Ce n’est pas la première fois qu’une administration en fin de mandat suspend certaines décisions concernant l'un ou l'autre programme. En général, cela est présenté sous l’étiquette flatteuse de la bonne volonté plus ou moins bipartisane (selon le parti qui l’emporte aux élections); on annonce simplement qu’on laisse ouverte la possibilité des choix pour l’administration suivante. Cette sorte d’artifice n’est plus de mise. Il s’agit, cette fois d’une façon indubitable, de l’impuissance reconnue de prendre une décision. L’algarade entre Gates et son n°2 Gordon England à propos du F-22, telle que nous la rapporte AW&ST, est significative du climat. La direction du Pentagone ne sait plus quelle orientation choisir sur des cas aussi évidents que les programmes F-22 et C-17. Même l’option minimaliste de laisser ouverte la chaine de production pour l’année qui vient, dans le cas du F-22, n’est pas rencontrée d’une façon affirmée, conformément à la stratégie définie pour les chasseurs dits “de cinquième génération” (F-22 et F-35/JSF). C’en est au point où ce budget montre au contraire une sorte de “stratégie de l’écrevisse”, où les services en reviennent à des achats d’anciens modèles.
Cela nous conduit à une seconde remarque. Elle vient dans un second temps et comme en contrepoint au constat de la déroute de la décision, qui concerne le climat psychologique de Washington, du Pentagone, etc., après huit années d’administration Bush, d’expéditions diverses et de dépenses échevelées, – pour parvenir à cette situations surréaliste où les acquisitions et les décisions sur les programmes se trouvent en pleine déroute avec un budget de $515,4 milliards/$1trillion…
Ce qu’on perçoit au niveau de la direction du système, c’est une profonde fatigue psychologique devant l’impuissance qui ne cesse de s’affirmer de plus en plus.
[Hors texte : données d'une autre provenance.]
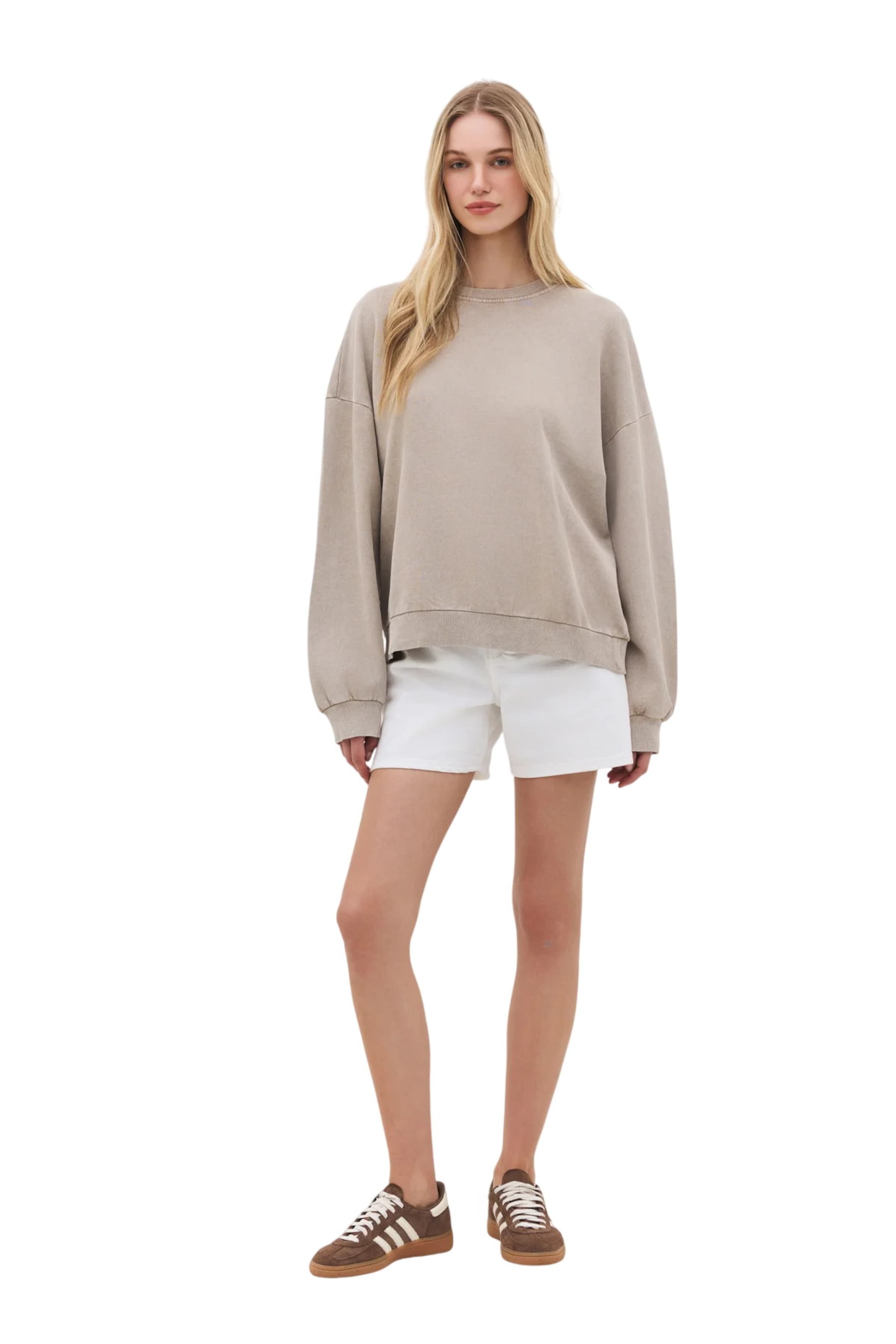 No Matter What Sweatshirt in Grau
Les hommes du système ne contrôlent plus le système et ils en sont totalement prisonniers. Ils renoncent à décider, même sur les activités les plus courantes, les moins “révolutionnaires”. (On dira que le Congrès y suppléera ici et là, notamment pour le F-22, à propos duquel le député Murtha, qui dirige la commission des forces armées à la Chambre, forcera sans doute à des commandes supplémentaires. Mais ce type de décision viendra encore plus semer le désordre en imposant à nouveau une autre orientation à la bureaucratie, des charges nouvelles, une stratégie révisée, etc.)
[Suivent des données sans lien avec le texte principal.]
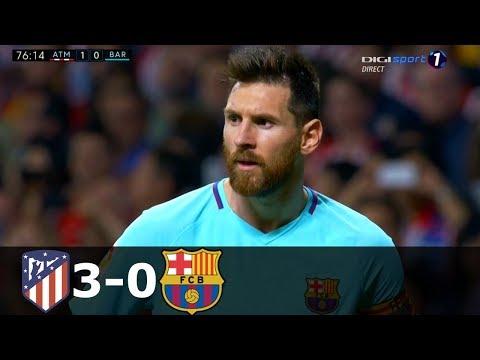 Atletico Madrid vs FC Barcelona 3-0 Goals and Highlights with English Commentary (La Liga) 2018-19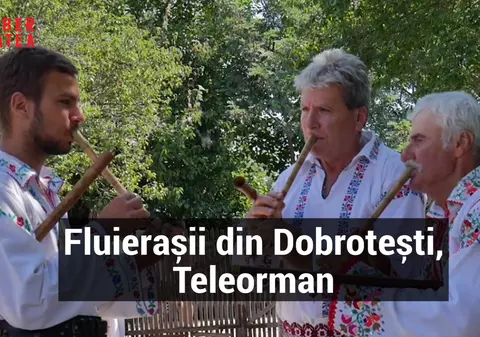 Fluierașii din Teleorman. Tradiția fluieratului, reînviată de tinerele generații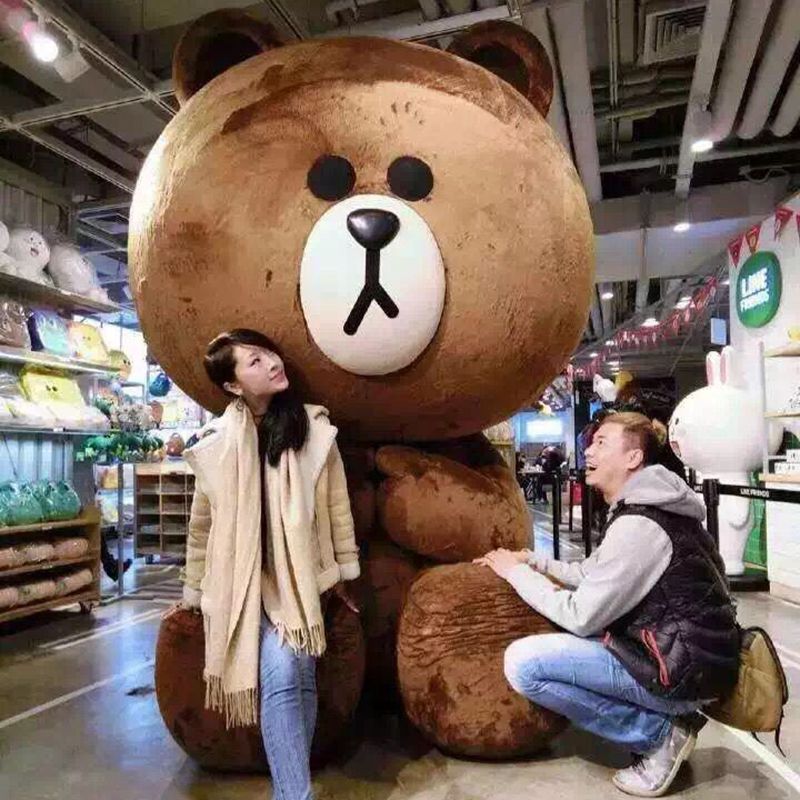 巨大坐熊，韩国店招，坐熊，礼物熊，充气熊，生日礼物熊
Plus personne ne se préoccupe même de s’exclamer à propos du Pentagone et de son budget, qui pour le dénoncer, qui pour s’extasier à propos de sa puissance. L’énorme, le monstrueux Pentagone est devenu une chose absolument incontrôlable, une pharamineuse usine à gaz trop informe pour encore ressembler à une usine et produire quoi que ce soit, y compris du gaz.
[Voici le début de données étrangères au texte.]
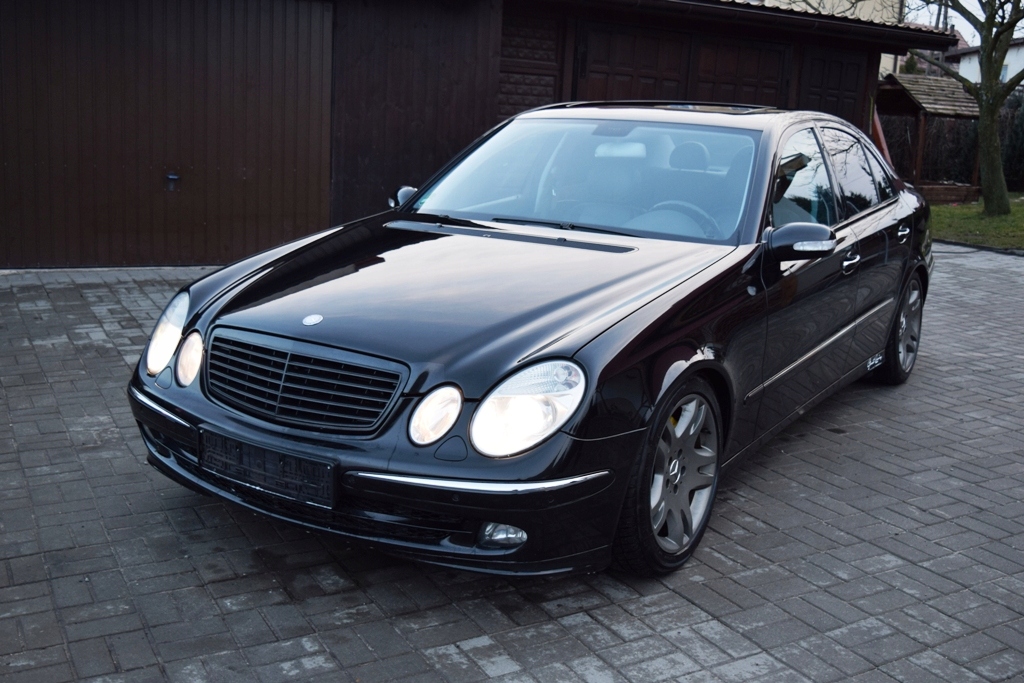 JEDYNY W POLSCE MERCEDES E320, EDITION MANSORY AMG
Bien évidemment, cette crise n’est pas spécifique. L’entièreté du système présente les mêmes symptômes, les mêmes tares. Le Pentagone nous intéresse particulièrement parce que c’est le pilier principal de la puissance US et qu’on s’approche effectivement du moment où il ne pourra plus remplir sa fonction qui est d’alimenter et de moderniser la machine militaire américaniste. Lorsqu’on en est à se rabattre sur des achats d’avions de combat de la génération précédente arrivée à son terme et déclarée dépassée depuis quatre ou cinq ans, on peut être assuré qu’on se trouve proches des prémisses de ce moment.